We join Frank Castle as he picks up where we left him, presumed dead and gaining revenge for the death of his family. He’s still mentally scarred and, through dream sequences and flashbacks, we get a fuller picture of Frank the man - and just how much he blames himself for the demise of his wife and kids. That’s where things get interesting. Agent Madani, of Homeland Security, is hot on the tail of a drugs ring during a covert military operation in Afghanistan, which involves Frank Castle, his best friend Billy Russo (Ben Barnes, who continues his Westworld smirking, smackable-face villainy with delight), and the mysterious Agent Orange.

Along the way, they’ll each come into contact with those who have been affected by this spiralling conspiracy: war vets, NSA agents turned rogue, and even far-right supremacists (I’ll leave it to others to dissect whether a comic book show is the best environment for a discourse on gun control). Frank, as played by the electrifying Jon Bernthal in a career-best turn, is then left with a choice: fight or flight. You can guess which path he follows. Or maybe not…

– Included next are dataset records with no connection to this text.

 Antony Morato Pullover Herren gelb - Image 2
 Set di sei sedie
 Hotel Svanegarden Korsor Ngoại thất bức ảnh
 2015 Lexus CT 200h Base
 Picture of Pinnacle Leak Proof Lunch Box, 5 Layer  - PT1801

For all of Frank Castle’s misdeeds and murders in his debut in Daredevil season 2, you’re going to be hard-pressed to find any action scenes to top the slew of shootouts that gave the ex-soldier his Punisher moniker. That’s not a criticism, but fair warning: if you go into this show expecting it to be all guns blazing, then you’re going to be sorely disappointed.

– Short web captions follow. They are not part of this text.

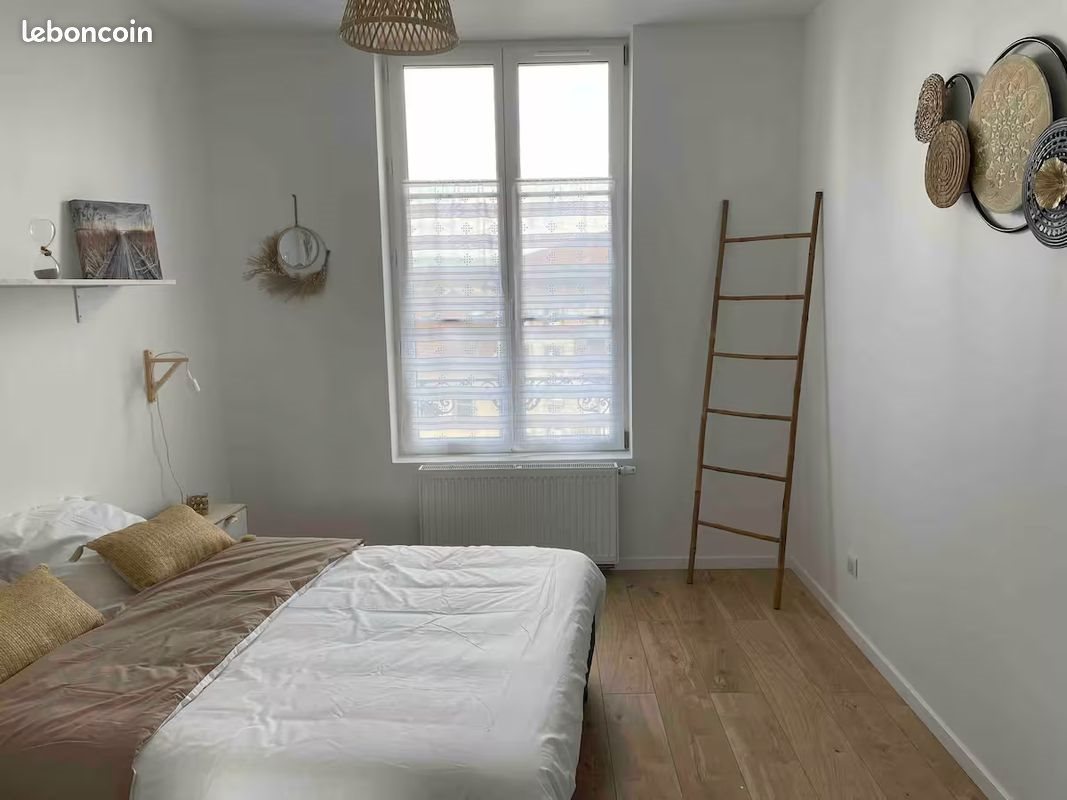 Appartement à louer, 42m², Épernay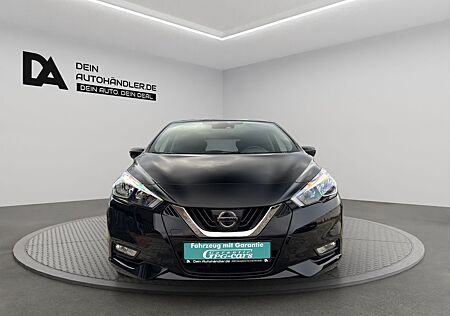 Nissan Micra N-Connecta *Garantie, Navi*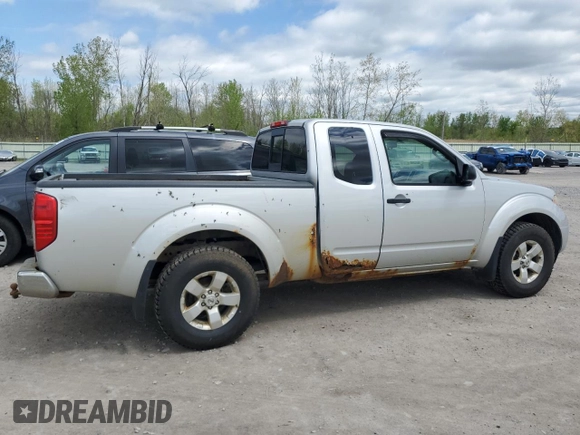 2012 Nissan Frontier SV с VIN 1N6AD0CW2CC410713, выставлен на аукционе Copart как лот 56992095 с пробегом 292 254 миль миль и Чистый • Clean title. История ставок и продаж доступна на DreamBid. Изображение 3.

You can count the amount of serious action set-pieces on one hand. In its place, we have a series of characters each separately struggling with losing family, attempting to replace the irreplaceable. Whilst their stories eventually converge in awkward fashion, these pseudo-vignettes each have a genuine reason to care about them, which is more than can be said for the majority of the secondary and tertiary characters in the Netflix’s Marvel-verse.

A real Page turner

Speaking of the show’s place in the Marvel universe, The Punisher is one of the very few properties not to hammer home its ties to the world-at-large. And it’s all the better for it. The one intrinsic link, Karen Page, is the star of the show. Her scenes with Frank are some of the best ever seen in a comic book series. They’re at once poignant, funny, bittersweet, and liable to break your heart. These are two wildly complex people who care about each other. It’s almost too good for the Netflix-Marvel universe, and a benchmark for future series, whether on the silver screen or television. A gold star to the writers of those handful of scenes.

Karen Page and Frank Castle’s relationship is just one example of many of the family ties, blood or otherwise, which bind these characters. Families come in many forms in the show: father and son; a soldier and his unit; surrogate families, but their parallels can be too heavy-handed and that’s where the show’s flaws start to seep in. Frank’s son was a bit of a jerk and, oh look, so is the son in a family Frank’s befriended. It’s all a bit too on-the-nose. It also creates somewhat of an identity crisis in the show’s early stages. The Punisher’s opening quartet of episodes tries to be part crime procedural, part war drama, and part Mr. Robot-knockoff. None of them really work, but, even then, Bernthal’s presence is strong enough to carry the show through even its more uneventful moments.

Therein lies one of the show’s biggest problems: There’s simply too much going on. I barely have room to condense Frank’s will they/won’t they relationship with Sarah, a woman who thinks her husband is dead, but who is actually secretly working with Frank and monitoring what she’s up to on a hidden camera. It’s exhausting just typing that. Then there’s Lewis the hot-headed war vet, Madani butting heads with her mother and her superiors, and a whole bunch of Frank’s ex-army unit that end up weaving their way into the narrative. The mileage you get out of these moments depends on how much you care about them, and they often end up taking away from the main, engaging plot anyway. Results may vary.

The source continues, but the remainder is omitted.